**Recorded data**
########

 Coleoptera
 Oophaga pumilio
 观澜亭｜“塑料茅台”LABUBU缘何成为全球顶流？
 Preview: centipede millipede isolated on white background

########

**About this task**
Every line above has to be restated word for word.

**Response box**
 Coleoptera
 Oophaga pumilio
 观澜亭｜“塑料茅台”LABUBU缘何成为全球顶流？
 Preview: centipede millipede isolated on white background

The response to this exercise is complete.